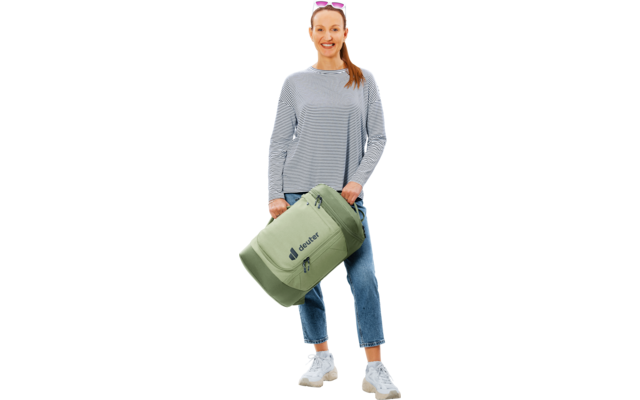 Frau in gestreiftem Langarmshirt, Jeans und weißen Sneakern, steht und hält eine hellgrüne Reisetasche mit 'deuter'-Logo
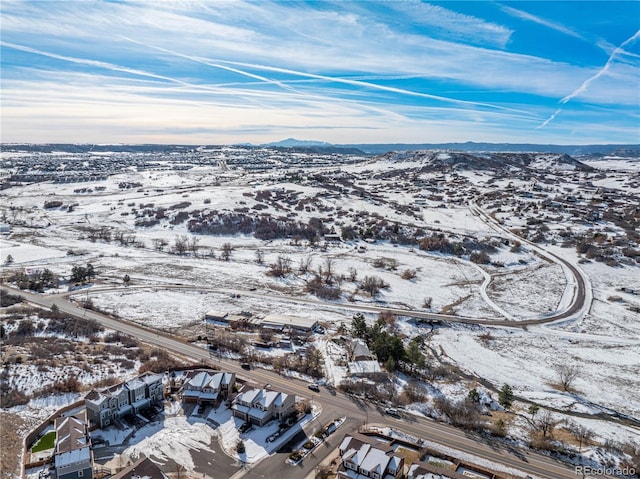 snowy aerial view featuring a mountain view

___

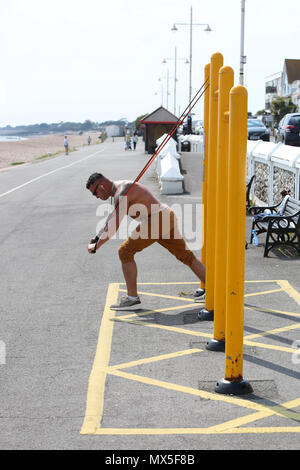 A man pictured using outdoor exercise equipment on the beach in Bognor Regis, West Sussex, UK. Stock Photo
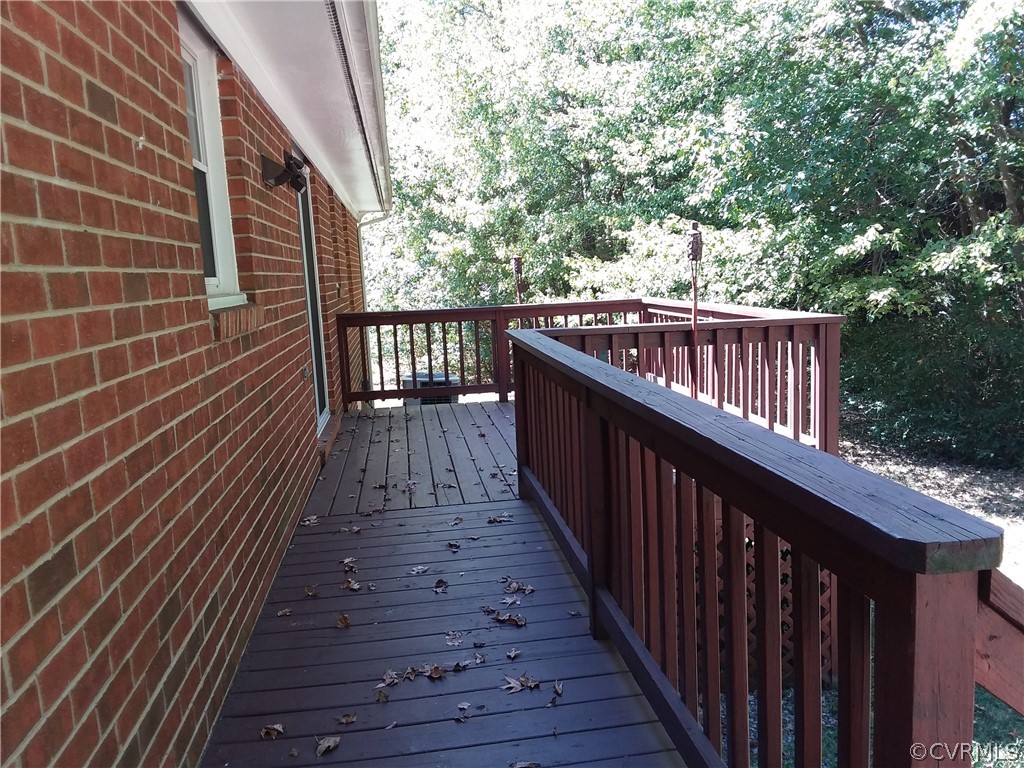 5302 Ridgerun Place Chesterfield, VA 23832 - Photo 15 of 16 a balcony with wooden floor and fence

___

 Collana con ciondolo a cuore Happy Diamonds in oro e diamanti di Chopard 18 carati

___

Exercise :: Skip every picture, and restate word for word only the lines above from the line containing "Frau in gestreiftem" to the line containing "snowy aerial view featuring a mountain view", both of them included.

Written solution ::
 Frau in gestreiftem Langarmshirt, Jeans und weißen Sneakern, steht und hält eine hellgrüne Reisetasche mit 'deuter'-Logo
 snowy aerial view featuring a mountain view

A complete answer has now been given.